West Palm Beach (HedgeCo.net) -While previous research has confirmed the widely held belief that emerging funds tend to outperform older and larger funds, hedge fund performance in 2008 saw a partial reversal of that trend, according to PerTrac Financial Solutions in its third annual study that examines hedge fund returns, volatility and risk, based on age and size.
“Last year was a difficult one for hedge funds of all ages and sizes, but once again we saw younger funds outperforming older ones, confirming our findings from earlier studies,” said Meredith Jones, managing director at PerTrac. “However, when it comes to hedge fund performance as a function of fund size, we saw a reversal of the trend established from 1996 through 2007. During 2008, funds with the least assets actually performed the worst, while larger funds posted better returns.”
As in past studies, PerTrac conducted two different analyses: one based on a fund’s asset size, and the other based on a fund’s age.

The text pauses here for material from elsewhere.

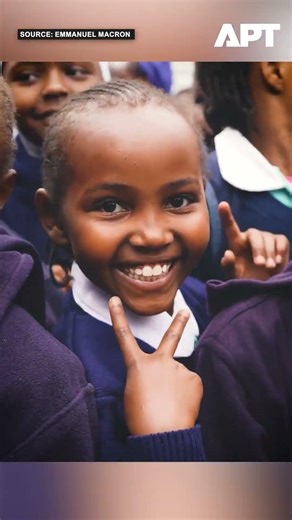 Macron Interrupts Children’s Lesson for Photo Op During Nairobi Visit | APT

Monthly hedge fund returns were compiled from leading hedge fund databases and analyzed using the proprietary PerTrac Analytical Platform software. In each analysis, funds were re-categorized into one of three assets under management (AUM) size groups: up to $100 million; $100 million to $500 million; and over $500 million. The funds were also categorized into one of three age groups: up to 2 years; 2 to 4 years; and over 4 years. The mean fund return was calculated for each group in each month, creating three size-based monthly indexes and three age-based monthly indexes. Various risk and return statistics were calculated on the returns of each index to evaluate historical performance, and Monte Carlo simulations were run on each index to indicate probable ranges of future returns and drawdowns.
Small Hedge Funds Underperformed Larger Funds for the First Time Since Beginning of Study Data.
The study reveals that small funds averaged a loss of -17.03% in 2008, while medium-sized and large funds fared better, with average losses of -16.04% and -14.10% for the year, respectively. However, over the full history of the indexes, from 1996 through 2008, small funds performed best, with an annualized return of 13.05% versus 9.99% for medium-sized funds and 9.28% for large funds. Along with its stronger returns, the small fund index also showed greater volatility over the 13-year period with an annualized standard deviation of 6.96% versus just 5.92% and 6.05% for the medium-sized and large fund indexes, respectively.
“There are several possible reasons why small funds underperformed their larger peers for the first time ever in 2008. Due to losses across the board, hedge funds experienced heavy redemption requests last year. Larger funds generally have more cash on hand and greater access to lines of credit than small funds, better enabling them to handle redemption requests without compromising their portfolios’ performance,” noted Jones. “The recent market crash also appears to have prompted a ‘flight to quality’ among investors, with surveys indicating that hedge fund investors have become more interested in larger, more ‘institutional’ funds. So it’s likely that smaller funds had to deal with relatively greater redemptions than did their larger peers. We also noted a larger differential in the number of large managers reporting in both the prior and current studies, with a larger percentage of small managers participating in both updates. As a result, there is heavier survivor bias in the large fund group. Other possible reasons include infrastructure considerations, greater reliance on beleaguered prime brokers, and larger redemptions from poor performers pushing more managers into lower asset bands.”
“However, one year does not make a trend,” concluded Jones. “It will be interesting to see whether the small funds’ underperformance in 2008 proves to be a short-term exception to the rule or the start of an official trend.”
Young Funds Continued to Outperform Older Funds in 2008
An examination of the relationship between fund age and performance revealed no surprises for 2008. Hedge funds with the shortest track record continued their trend of superior performance last year as the young fund index lost -11.31% for the year compared to much larger losses of -19.46% and -17.85% by the mid-age and older fund indexes, respectively. Over the full history of the indexes from 1996 through 2008, young funds have generated an annualized return of 15.74% while mid-age and older funds have trailed with annualized returns of 11.48% and 10.12%, respectively. Young funds have also fared best from a risk perspective over the long term; the young fund index has produced an annualized standard deviation of just 6.47% over the 13-year period while the mid-age and older fund indexes have proved more volatile with annualized standard deviations of 7.11% and 6.72%, respectively.
The new study is the latest in a growing body of research produced by PerTrac Financial Solutions for the investment community. The company is devoted to advancing the study of hedge funds and other investments by publishing original research as well as providing free access to their PerTrac Analytical Platform software to academic professors, students, and selected researchers through the PerTrac Educational Use Program.